Reírse de uno mismo es sano. Reírse con los amigos es una enorme satisfacción. Reírse de los amigos es señal de gran libertad. Reírse de los menos conocidos requiere sumo cuidado
(Jorge Costadoat, sj).- En la tradición judeo-cristiana tenemos dos variantes paradigmáticas del humor. En la Biblia se cuenta que El Señor prometió a Abraham un hijo cuando él y su mujer andaban por los 100 años. Sara se río del Señor, no le creyó. El Señor se río de Sara, le dio a Isaac, que significa: «Dios ríe».
El otro caso es Jesús en la pasión. Los soldados romanos para reírse de él lo coronaron de espinas. «¿No se decía rey?». Los evangelistas consideraron este gesto una burla. Para los cristianos piensan que reírse de los demás es un pecado. En lo sucesivo han debido poner mucha atención en distinguir las variadas declinaciones del humorismo para alegrarle la vida a los demás y evitar hacer sufrir a alguien.

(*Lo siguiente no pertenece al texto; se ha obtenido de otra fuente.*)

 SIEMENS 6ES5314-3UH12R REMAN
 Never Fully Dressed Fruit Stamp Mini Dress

La teología cristiana apuesta a que en la eternidad reinará el humor. Pero, mientras se esté en camino al reino de los cielos las cosas pueden ser muy complejas. El humor, una de las manifestaciones más positivas de la convivencia humana, mal ejercido, puede ser deletéreo. Caben también las malas interpretaciones.

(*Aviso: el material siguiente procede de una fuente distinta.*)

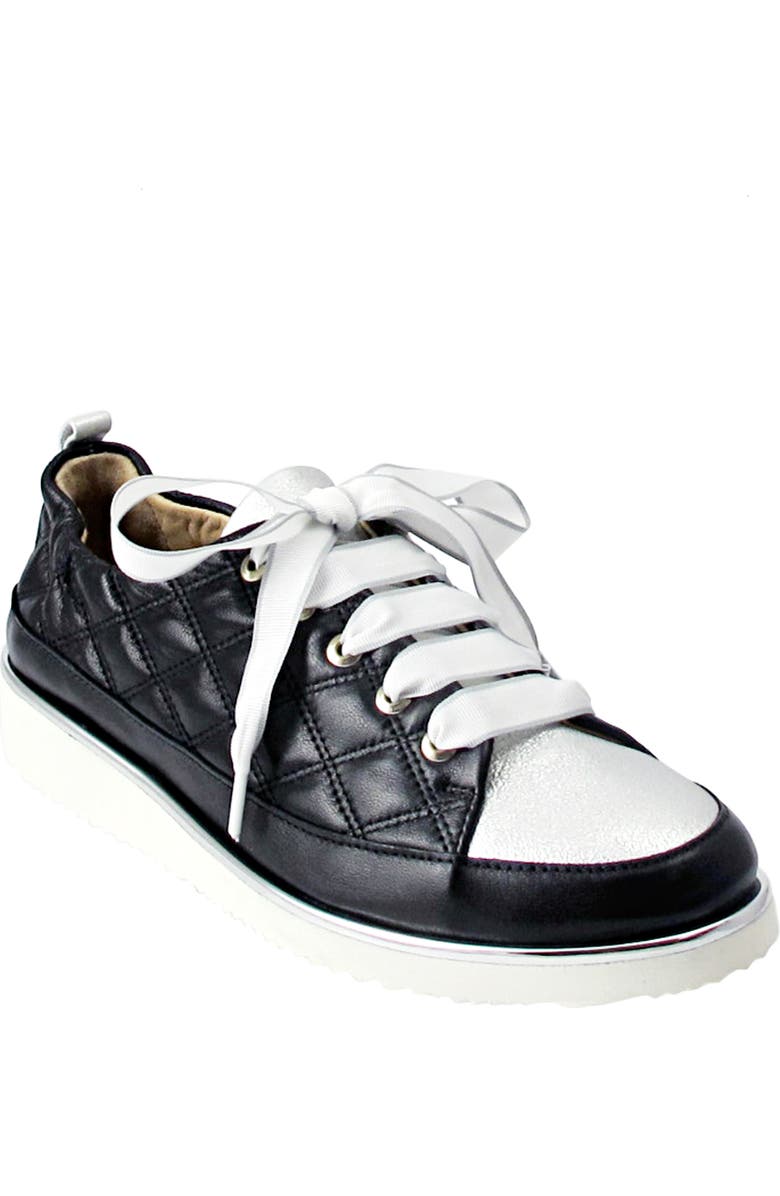 Ron White Novella Quilted Sneaker, Main, color,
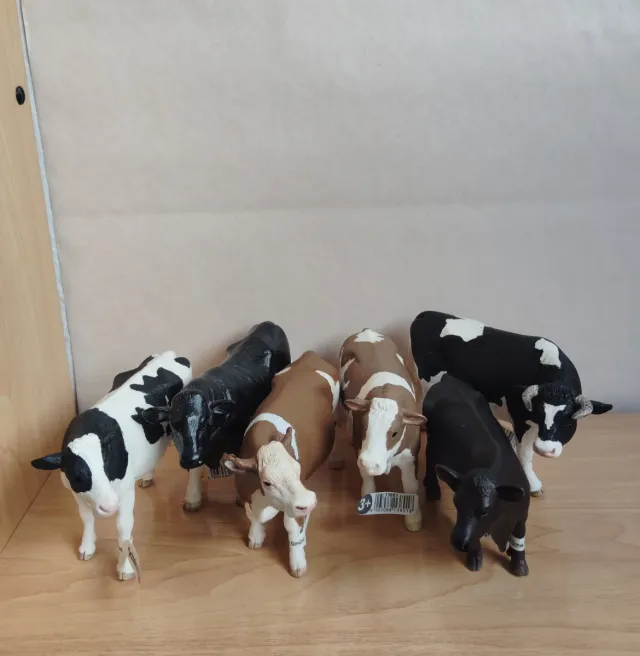 Conjunto di figure Schleich tori e vacche
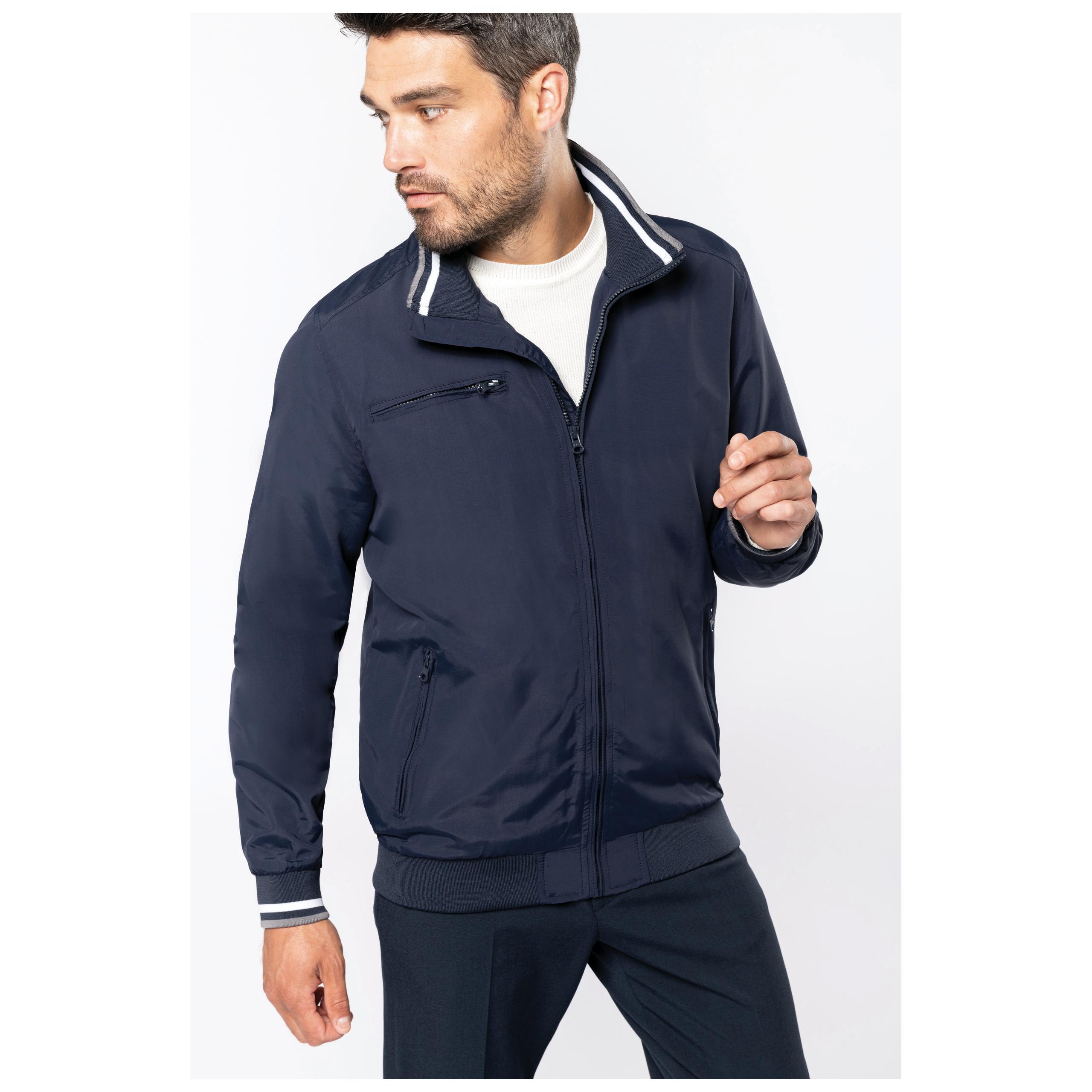 Kariban - Blouson city - Black / White / Blue - S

Hay tiempos, hay personas, hay culturas, hay una infinidad de factores que hacen difícil saber si una broma, por ejemplo, sirve para apoderarse de la tierra o para compartirla. Una misma frase puede resucitar a uno y matar a otro. La posibilidad de no atinar con la palabra justa se ha vuelto cada vez más común. En la actualidad se están conjugando todos los mundos al mismo tiempo. Las posibilidades de no entendernos son máximas.